# Trade Winds Cruise Club - St. Vincent & British Virgin Islands



## irisheaven (May 10, 2006)

I was just wondering what season(s) were the best to take this trip to either St. Vincent's or the British Virgin Islands.

We want to put a search in, but I want to get a great season for weather. Not too hot (90's), not too cold (60's), and not stormy. As you can probably tell, I'm not familiar with these areas at all.

I've read all the reviews, and I want to go now! :whoopie: :whoopie: :whoopie:   I just can't wait. I hope we'll be able to trade into it.

Thanks for everyone's help.
Sarah


----------



## ailin (May 11, 2006)

Officially, hurricane season in the Caribbean is from June 1 to November 30.  Maybe someone else will have more specific information about temperature.  Or you can check averages on www.weather.com.

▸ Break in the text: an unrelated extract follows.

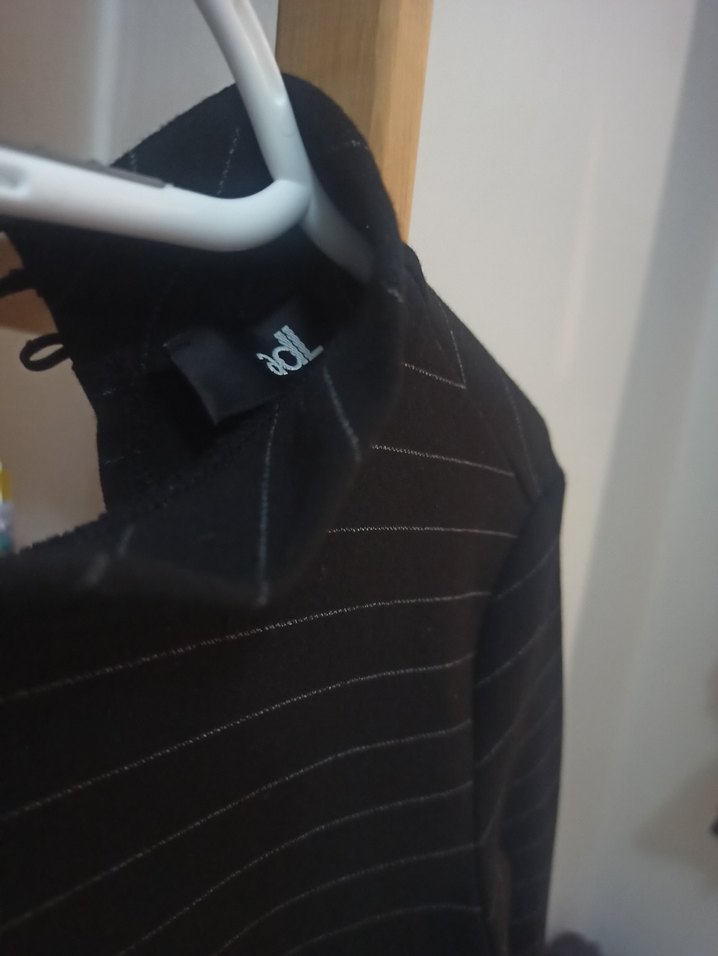 Adil Işık Ofis Tarzı Siyah Uzun Kollu  Bluz - Görsel 3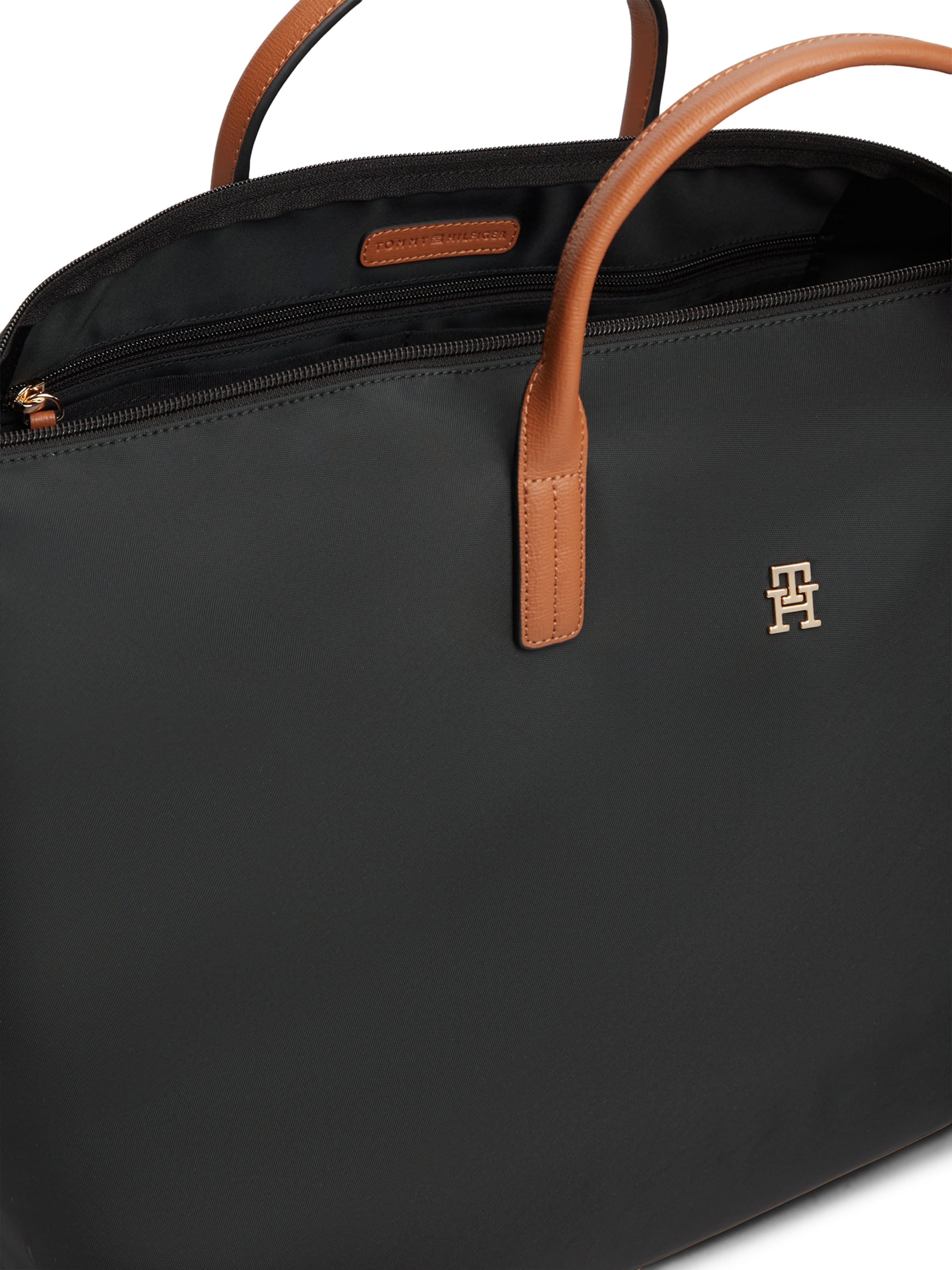 TOMMY HILFIGER Reisetasche in Schwarz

This is a hard trade.  I think most deposits are developer weeks, owners probably don't deposit often since it's pretty expensive to own.  There was a bulk spacebank back in late February, for July-October of this year.  To trade in, I think you'll need to be really flexible, and you might want to buy travel insurance in case there's a hurricane.


----------



## gmarine (May 11, 2006)

Any time of year except peak hurricane season would be a good time to go.. You wont see the 60s anytime of year in that part of the caribbean.

It is a very difficult trade and you will need a very strong trading unit to have a chance at getting this exchange.


----------



## jtridle (May 11, 2006)

I've never noticed Trade Winds being that difficult to get with my Fairfield weeks.  As a matter of fact, right now I am pulling all sorts of hurricane weeks from June through Sept. with a FF Pagossa week but I don't think you should let that bother you, if you can find something in hurricane season that is not Sept./Oct., I believe those are the worst months for hurricanes. Hurricanes earlier in the season are typically much rarer.  Course lately maybe "typical" has gone out the door.  And if you can get one in Antigua area, which I believe is pretty far south, I'm not sure you would have as much trouble with hurricanes either.  I've gone sailing with the Moorings in June and november and had wonderful weather.     I am right now seeing availability for Antigua Trade Winds Cruise Club in RCI's extra vacations for July 1st for $696.99.  You realize there is also an extra fee per person that covers all inclusive?   I've never done Tradewinds but I certainly want to because all I've ever heard are great reviews.  You might have a terrible time if you got on a boat with people you didn't like.  That could be a bummer but from most people I've heard that have gone, that has not been a problem.  They tend to be people with an adventuresome spirit and very interesting stories to tell.


----------



## gmarine (May 11, 2006)

jtridle said:
			
		

> I've never noticed Trade Winds being that difficult to get with my Fairfield weeks.  As a matter of fact, right now I am pulling all sorts of hurricane weeks from June through Sept. with a FF Pagossa week but I don't think you should let that bother you, if you can find something in hurricane season that is not Sept./Oct., I believe those are the worst months for hurricanes. Hurricanes earlier in the season are typically much rarer.  Course lately maybe "typical" has gone out the door.  And if you can get one in Antigua area, which I believe is pretty far south, I'm not sure you would have as much trouble with hurricanes either.  I've gone sailing with the Moorings in June and november and had wonderful weather.     I am right now seeing availability for Antigua Trade Winds Cruise Club in RCI's extra vacations for July 1st for $696.99.  You realize there is also an extra fee per person that covers all inclusive?   I've never done Tradewinds but I certainly want to because all I've ever heard are great reviews.  You might have a terrible time if you got on a boat with people you didn't like.  That could be a bummer but from most people I've heard that have gone, that has not been a problem.  They tend to be people with an adventuresome spirit and very interesting stories to tell.



Antigua is smack right in the middle of the hurricane belt. It wont be difficult to get during hurricane season.


----------



## riverside (May 12, 2006)

If you don't have to plan way ahead I've seen several weeks come up on last call for $129.


----------



## TTom (May 12, 2006)

Hmmm...

BVI 7/22, 8/19, 8/26, 9/02, 9/09, 9/16, 9/23, 9/30, 10/07; Grenadines 7/22/06, 8/12, 8/19; SXM 6/3, 6/10, 7/8, 7/22, 7/29.for my DIK week.   Wish I could convince my wife.


----------



## Strong1 (May 13, 2006)

Hi,

I have sent you a private message with regards to obtaining a cabin through owner referral...

We are owners in Tradewinds.  It is a fantastic vacation, and I hope you get your trade.

We did St. Vincent in late June (the 25th of June last year I think) and the weather was pretty good.  We did have one day of heavy rain, but the rest of the week was great.  Getting to St. Vincent is complicated, but it is a fantastic itinerary.  We are doing the BVI (Tortola) this June so I will have more information about that itinerary when we return.

Colleen


----------